Exercise goal:
The copy you print must match the listing exactly, with its pictures removed.

Data below:
|---|

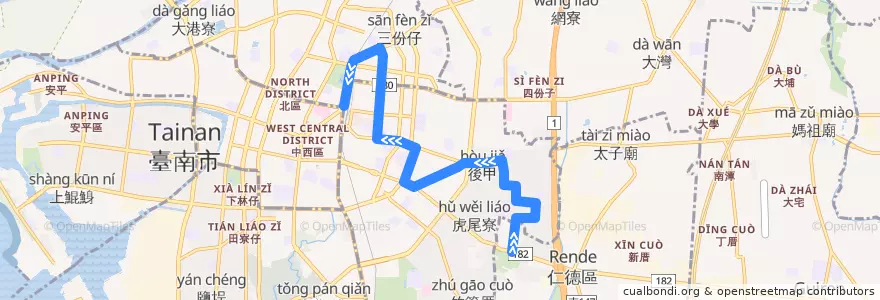 Mapa del recorrido 6路(往仁德轉運站_返程) de la línea  en Tainan.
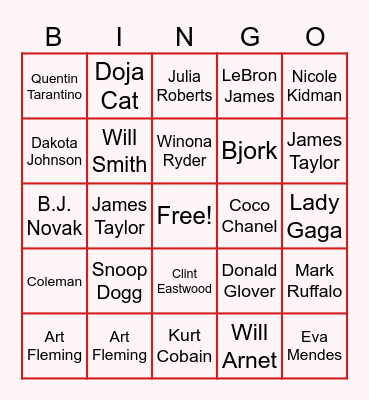 Celebrity Trivia Bingo Card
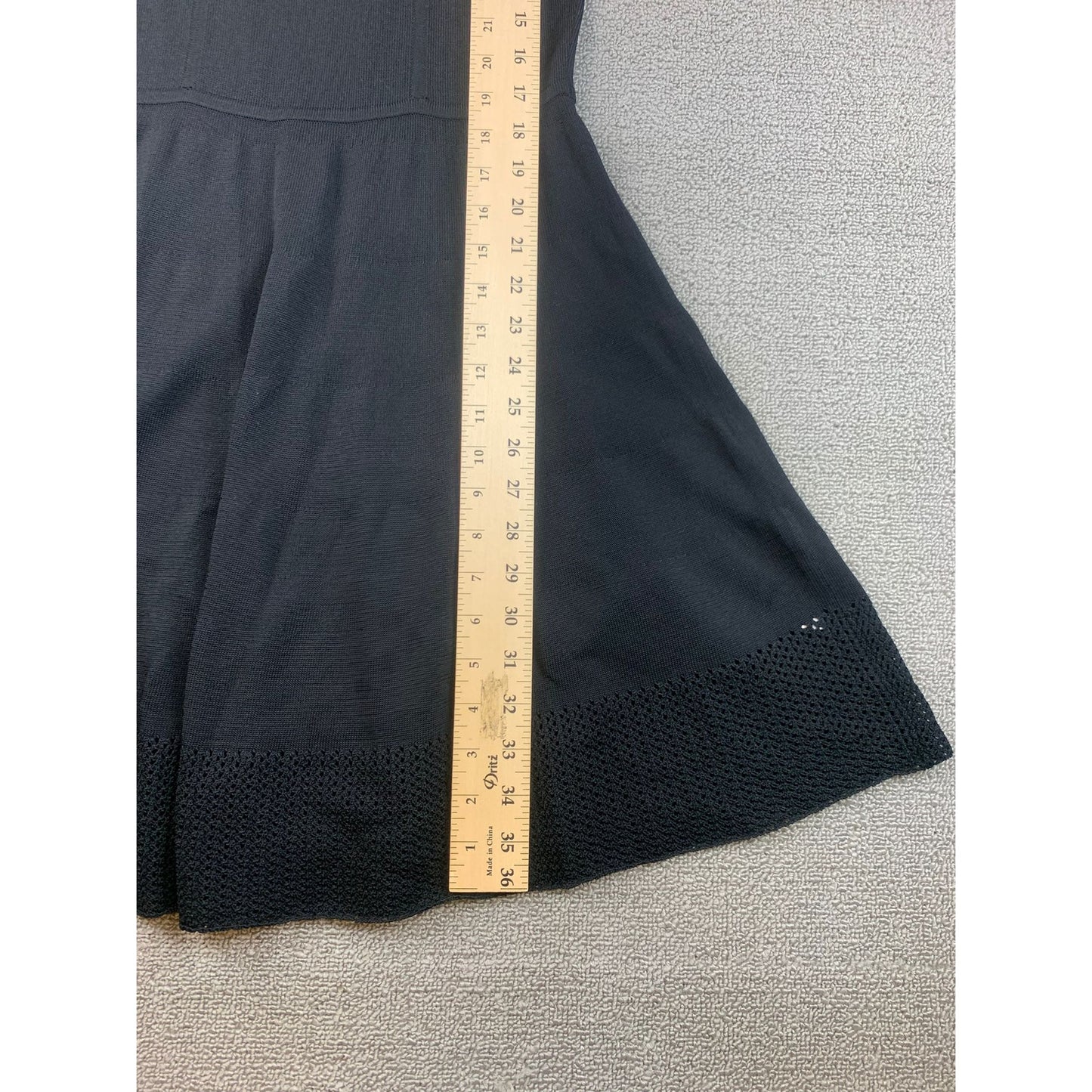 Cynthia Rowley Women's Medium Black Open Knit Fit & Flare A-Line Dress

|---|

Solution to this task:
 Mapa del recorrido 6路(往仁德轉運站_返程) de la línea  en Tainan.
 Celebrity Trivia Bingo Card
 Cynthia Rowley Women's Medium Black Open Knit Fit & Flare A-Line Dress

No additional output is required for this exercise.